Dr. Iadarola, known as “Toni,” was the sixth leader of the Catholic institution and its first lay president. She served from 1992 to 2008.
“Toni’s spirit lives on in all the lives she touched, and her impact on the Cabrini community, as well as her dedication to the university’s mission and to serving the Cabrini legacy, is limitless,” said Cabrini president Donald B. Taylor. “She will be missed.”
Dr. Iadarola’s first day on the campus of what was then Cabrini College was July 15, 1992, and she took it as a good omen that July 15 was also the date that the college’s namesake, St. Frances Xavier Cabrini, was born in 1850. The patron saint of immigrants, St. Frances was canonized by Pope Pius XII in 1946.
During her tenure, Dr. Iadarola expanded the curriculum and worked to raise Cabrini’s profile. Undergraduate enrollment increased from 732 to 1,700, and the number of students living on campus tripled to 1,000, the university said in a statement.
The changes that Dr. Iadarola foresaw for Cabrini did not come without conflict. John F. Brown, chair of the department of mathematics, said her decisions weren’t always popular, but she did what she thought was right for the university.
“Toni arrived when Cabrini faced serious financial and enrollment concerns,” said Jolyon Girard, professor emeritus of history and political science. “In my view, her leadership changed that trend and set the school in a positive, successful direction.”
The East and West residence halls, Cabrini Apartment Complex, the Dixon Center, Edith Robb Dixon Field, and what is now the Antoinette Iadarola Center for Science, Education, and Technology were constructed under her leadership.
“Dr. Iadarola was an outstanding president who spearheaded remarkable physical and intellectual growth on Cabrini’s campus,” said James Hedtke, professor of history and political science.
Born in New York City, Dr. Iadarola grew up working on a dairy farm in Shelton, Conn., and graduated from Shelton High School.
She was the daughter of Italian immigrants Antonio and Dora Guerrera Iadarola. Even though they lacked advanced education, they instilled a love of learning in their children.

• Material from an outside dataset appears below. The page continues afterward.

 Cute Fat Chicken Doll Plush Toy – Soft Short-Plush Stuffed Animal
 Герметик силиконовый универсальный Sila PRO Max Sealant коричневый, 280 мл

Dr. Iadarola was influenced by her mother, who operated the family’s 100-acre farm. Her father was a factory worker and also did farm chores. The children helped, too.
“My parents were lifelong learners,” she told the New Haven Register in 2016. “The first thing Mom did when she got here from Italy was to enroll in school to learn English.”
Dr. Iadarola earned a bachelor’s degree in history and political science from the University of St. Joseph in West Hartford, Conn., and master’s and doctoral degrees in European diplomatic history from Georgetown University in Washington.
Her postdoctoral studies included a Fulbright scholarship at Oxford University and the London School of Economics. Her research focused on diplomatic history, women’s studies, and higher education.
Before taking the helm at Cabrini, Dr. Iadarola was a high school history teacher, chair of the history department at the University of St. Joseph, and provost at Colby-Sawyer College in New London, N.H.
After Cabrini, she was recruited to become president of Lauralton Hall, a Connecticut girls’ preparatory school. She retired in 2017 but refused to see retirement as an ending.
“It’s another beginning,” she told the Register. “We should do away with the word retirement. Whatever I do has to be purposeful and meaningful.”
She lived in Clinton and traveled worldwide to visit those she had met on earlier volunteer and business projects.
She is survived by three sisters and nieces and nephews.